Pensando alla diffusione dell’app di dating più famosa al mondo, Tinder, ci rendiamo conto che è cambiato il concetto di primo appuntamento, perché i giovani preferiscono affidarsi alla velocità del match per trovare “l’amore” e riescono a mostrarsi come vorrebbero, sentendosi allo stesso tempo protetti dall’interfaccia.
Diminuisce la probabilità di insuccesso e ci si sente liberi di troncare dopo la prima uscita senza troppe cerimonie.
È chiaro quindi che trovare un partner che viva altrettanto responsabilmente la relazione è diventato più difficile. Accontentarsi di un partner qualunque pur di realizzarsi come madre/padre risponderebbe ad un’aspettativa sociale, ma questa scelta come si rifletterebbe da un punto di vista valoriale sui figli? Non si può correre il rischio di generare una pressione sociale sulle nuove generazioni, stigmatizzando la vita dei single e dandone l’immagine di una vita vuota o priva di senso.
Ad ogni modo, pensare che la crisi demografica del nostro paese sia imputabile alla volontà delle giovani donne corrisponde ad una visione piuttosto superficiale del fenomeno, perché stiamo considerando la vocazione alla paternità come secondaria. Sarebbe, invece, più opportuno parlare di genitorialità, superando una volta per tutte lo squilibrio di genere esistente nelle responsabilità di cura della prole.
Finché la società continuerà a considerare la figura materna indispensabile nella crescita dei figli e la figura paterna unicamente votata al loro sostentamento economico probabilmente la propensione ad avere figli non aumenterà.
Fonte: Medical House
La scelta della famiglia sul lavoro da parte delle donne non è sempre dettata da un’esigenza reale, ma è spesso il risultato di un problema culturale. Ne sono la prova le lavoratrici part-time che, pur avendo un curriculum valido sul mercato, scelgono di rinunciare ad un eventuale upgrade di carriera perché rifiutano il supporto nella crescita dei figli.

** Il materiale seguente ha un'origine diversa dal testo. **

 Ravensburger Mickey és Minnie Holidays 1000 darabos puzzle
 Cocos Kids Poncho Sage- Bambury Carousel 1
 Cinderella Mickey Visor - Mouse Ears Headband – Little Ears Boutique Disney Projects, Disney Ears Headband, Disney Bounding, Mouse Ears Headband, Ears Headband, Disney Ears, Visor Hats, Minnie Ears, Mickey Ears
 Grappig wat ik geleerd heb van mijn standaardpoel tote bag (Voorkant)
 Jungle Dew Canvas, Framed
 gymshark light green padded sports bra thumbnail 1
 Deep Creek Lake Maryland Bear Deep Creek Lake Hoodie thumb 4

Va riconosciuto che i padri moderni hanno espresso il desiderio di essere coinvolti di più da questo punto di vista, ma si trovano a dover affrontare ostacoli normativi e sociali che impediscono l’accettazione del nuovo modello di paternità.
Il tema merita di essere trattato con estrema attenzione, perché la maternità, come la paternità, dovrebbe essere una scelta libera, frutto di un atto d’amore reciproco e autentico, che nulla ha a che vedere con il dovere sociale.

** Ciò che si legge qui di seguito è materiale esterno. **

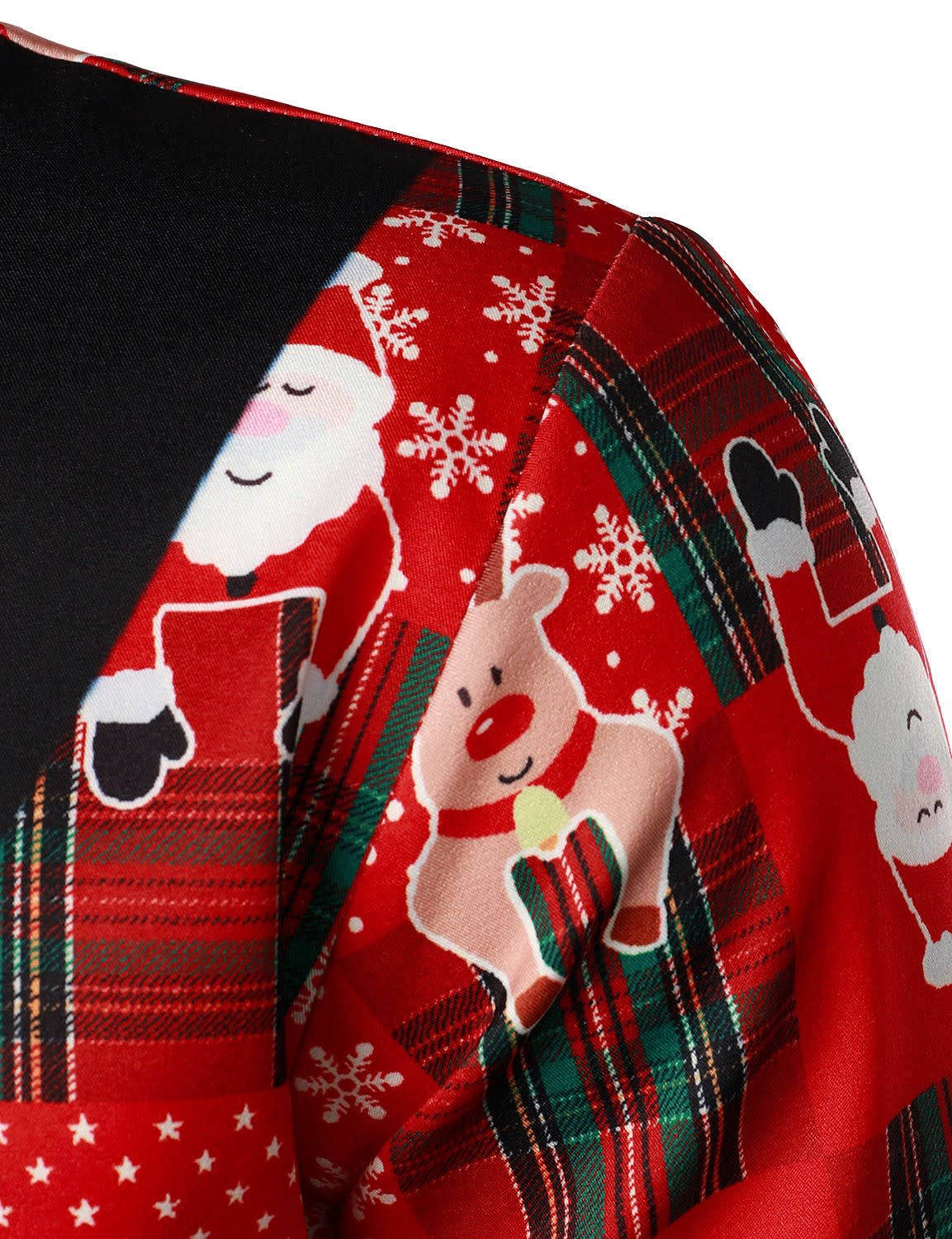 Men's Tuxedo Print Ugly Christmas Shirt | Harvey_7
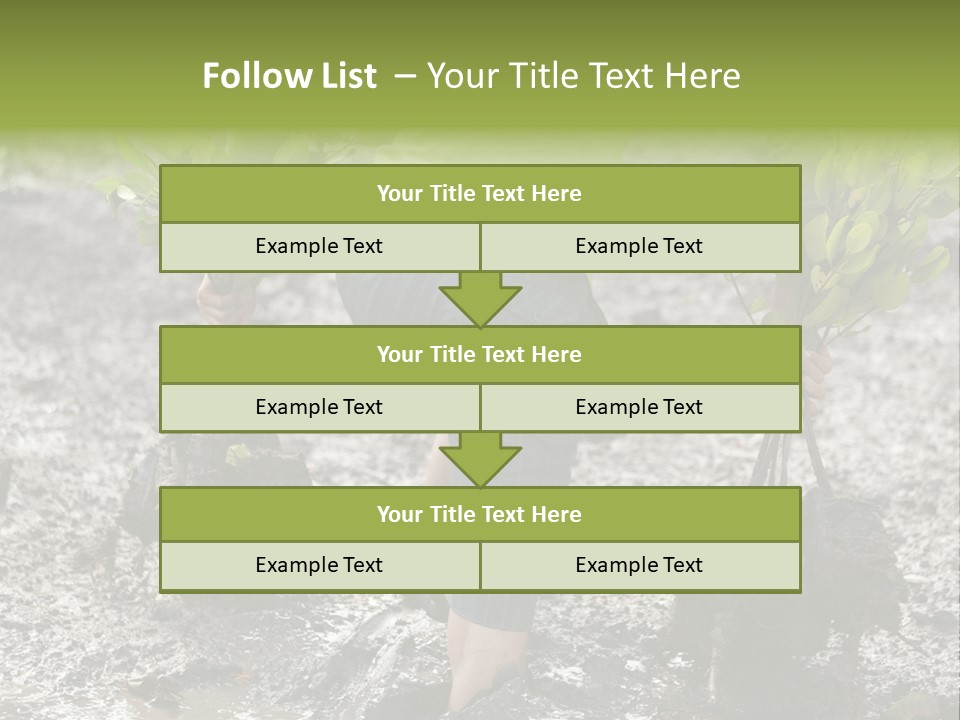 Conservation Holding Mud PowerPoint Template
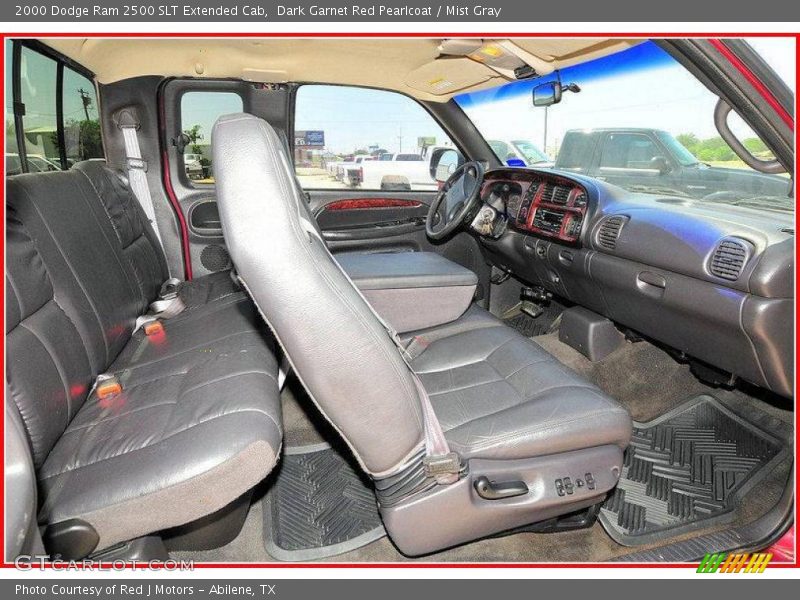 Dark Garnet Red Pearlcoat / Mist Gray 2000 Dodge Ram 2500 SLT Extended Cab
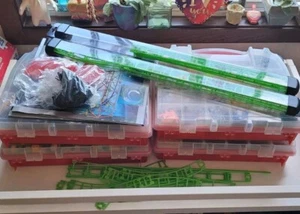 Huge Lot Of K'nex In (4) Stoage Containers Great Clean Condition - Picture 1 of 13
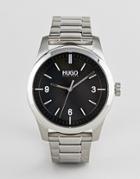 Hugo 1530016 Create Bracelet Strap Watch In Silver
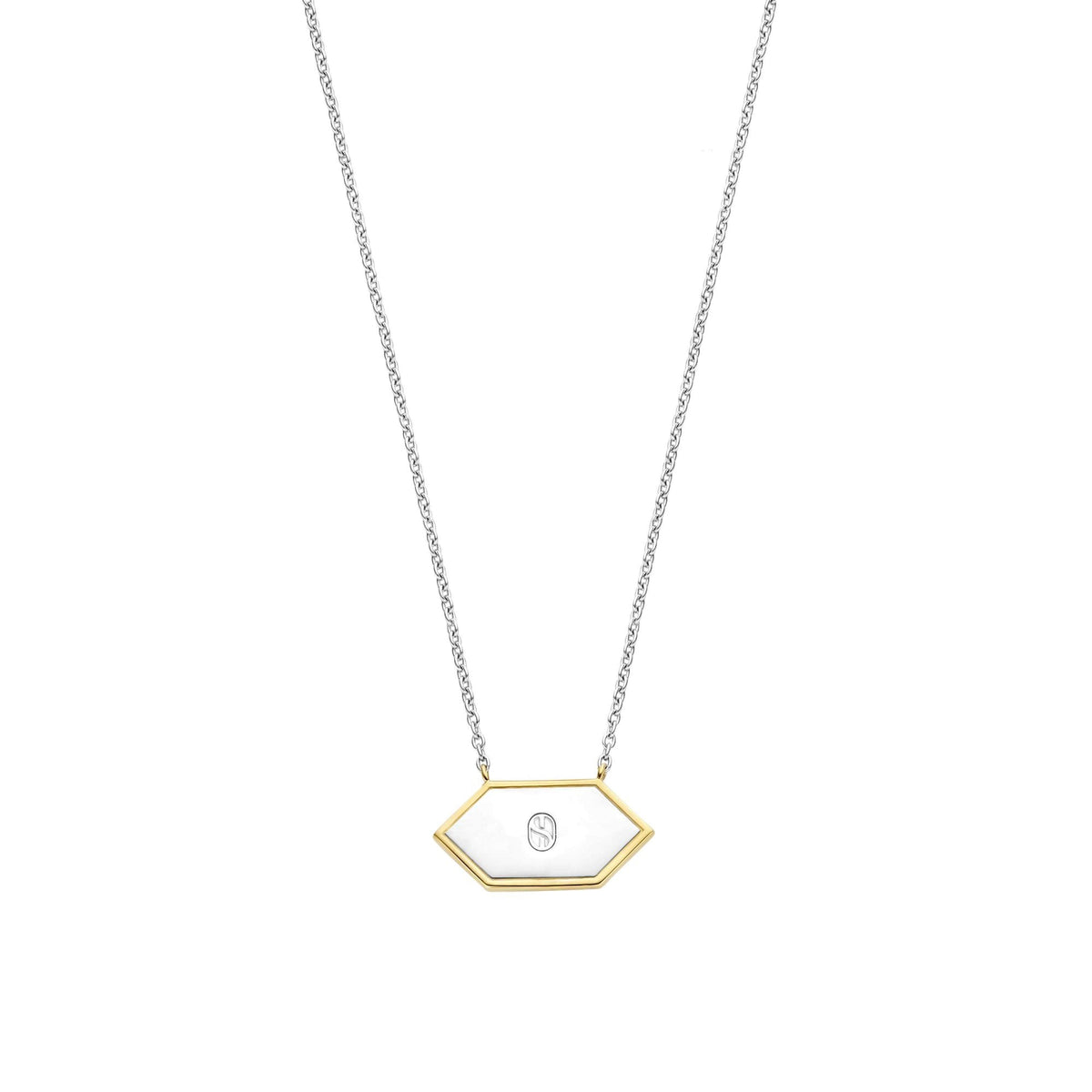 Ti Sento Sterling Silver Malachite Necklace 34039MA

Diventare madre/padre ci riempie di gioia e ci restituisce molto di più di quello che doniamo, ma purtroppo non tutti hanno questa opportunità. Le istituzioni dovrebbero avere la sensibilità di andare incontro alle coppie che per motivi biologici non possono avere figli e che, oltre ad affrontare il dolore di una genitorialità mancata, si trovano a dover fare i conti con un iter di adozione nazionale impervio e definito dalla maggior parte di loro impossibile.
Per essere madre o padre non basta mettere al mondo un figlio, bisogna avere la vocazione all’accoglienza. Ricordiamoci che quello della genitorialità (intesa nel senso tradizionale del termine) non è l’unico percorso di vita degno di essere vissuto. Si può essere genitori prendendosi cura degli altri a prescindere dal contesto: siamo chiamati ad essere genitori nelle scuole, nelle onlus, negli ospedali, sul lavoro e in tanti altri modi possibili e inimmaginabili. Basta lasciarsi guidare dall’amore.